| Work required |
Go through the listing and set it down exactly, leaving out its pictures.

| Data below |
________________________

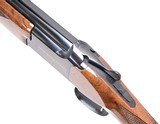 Browning Citori Special Sporting Clays Edition 3-gauge set 32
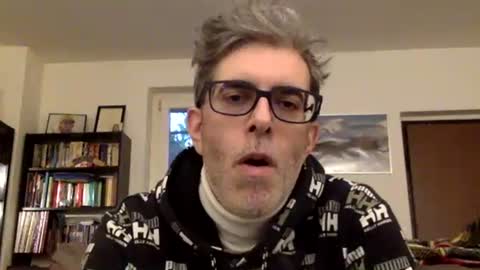 oggs48 online show from 01.27.25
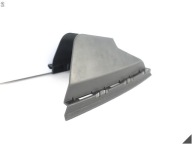 VW ID7 ID.7 14A 23- support holder bracket intake W bumper right front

________________________

| Solved problem |
 Browning Citori Special Sporting Clays Edition 3-gauge set 32
 oggs48 online show from 01.27.25
 VW ID7 ID.7 14A 23- support holder bracket intake W bumper right front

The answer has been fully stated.